A student who has obtained a master's degree at McGill University or equivalent in Atmospheric Science (Meteorology), Physical Oceanography, or a related physical science field, and is proceeding to a Ph.D. degree will, on the recommendation of the department, be admitted at the Ph.D. 2 level. In this case, the residency requirement for the program is two years.
Students without a related Master's degree may be admitted to the Ph.D. 1 level. The first year is then devoted mainly to coursework and is usually similar to the M.Sc. 1 year (refer to M.Sc. 1 curriculum). The selection of courses is made in consultation with the Ph.D. research supervisor, and is subject to the approval of the GPD. Candidates entering Ph.D. 1 must follow a program of at least three years' residency at the University.
The minimum course requirements are given below.

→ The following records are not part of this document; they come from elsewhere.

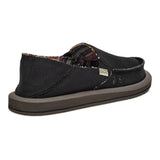 SANUK - DONNA HEMP 2-TONE | BLACK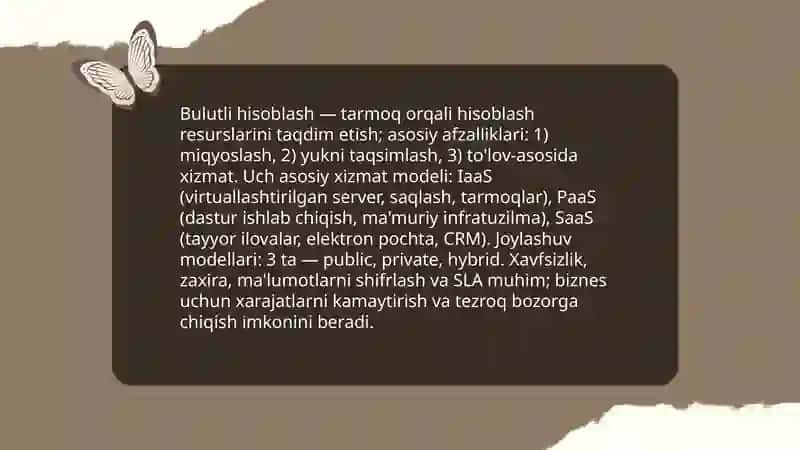 Raqamli iqtisodiyotning asosiy texnologiyalari 4
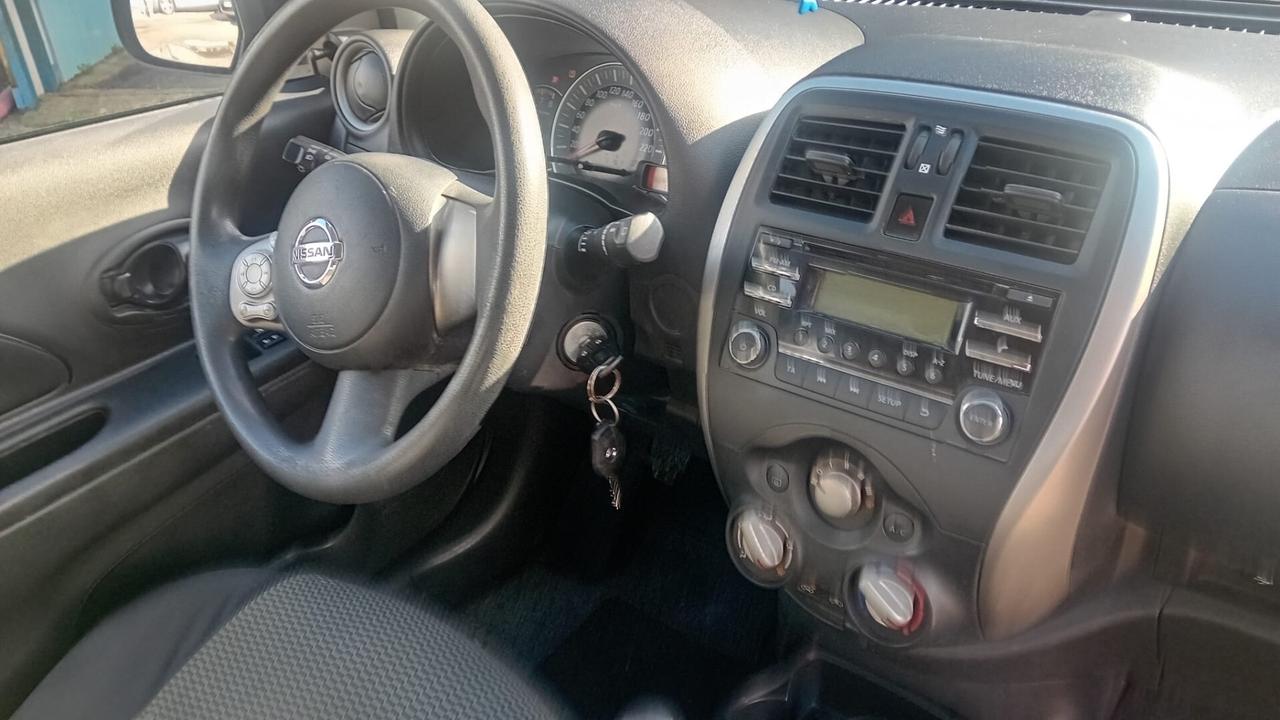 Nissan micra 5P-1.2/benz-full-2015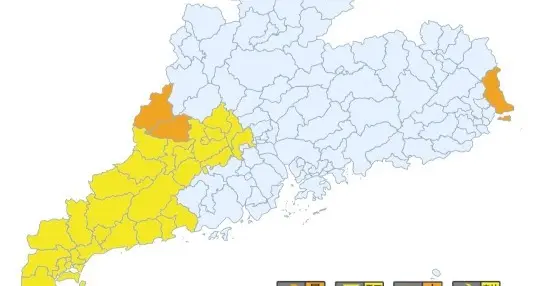 雨+雾+冷空气！四大预警齐生效！广东：本月迎5次冷空气+5次降水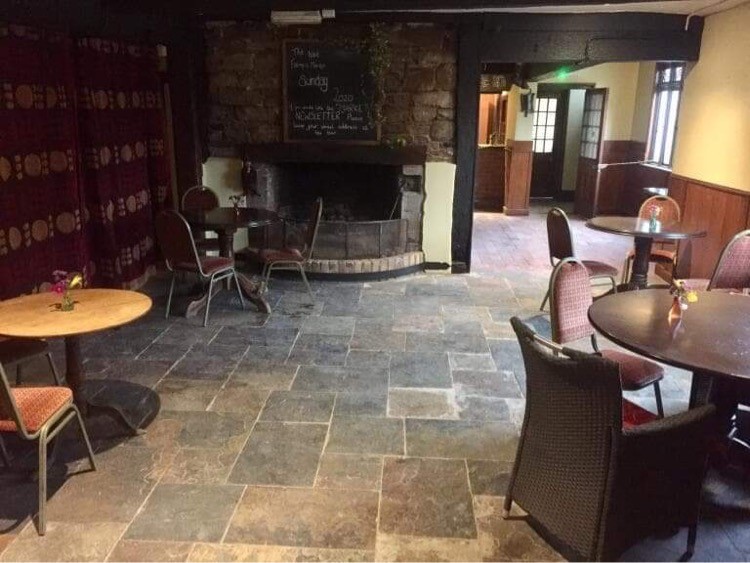 The Talbot tweet media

REQUIRED COURSES (1 credit)
ATOC 700 Ph.D. Proposal Seminar (1 credit)
ATOC 700 consists of a written proposal and an oral presentation (approximately 30 minutes in length) followed by an examination before a committee of at least three professors (four if the student is co-supervised), consisting of the student’s supervisor(s) as well as at least two other full-time AOS faculty members designated by the Department’s Chair.
This examination is intended to assess the candidate's preparedness for undertaking original research in a particular subject area and it should be taken 6 to 12 months after passing ATOC 701.
The student must submit a written thesis proposal of about 20 pages (typewritten, double-spaced) to the ATOC 700 examination committee at least one week before the date of the oral presentation. This proposal should define the problem to be discussed, demonstrate that the candidate is familiar with the literature, describe the methodology to be used, present some preliminary results, and outline future work.
The oral presentation can be given as part of the ATOC 751 or 752 seminar series (see complementary courses below), or at a specially scheduled seminar open to the students and faculty of AOS. Following the question period after the presentation, the candidate will be questioned further by the examination committee in absence of an audience.
ATOC 701 Ph.D. Comprehensive (General) (0 credit)
ATOC 701 is an oral examination conducted by a committee ordinarily consisting of three examiners, one of whom is the student’s supervisor. The examination will normally take place in the last four months of the Ph.D. 2 year.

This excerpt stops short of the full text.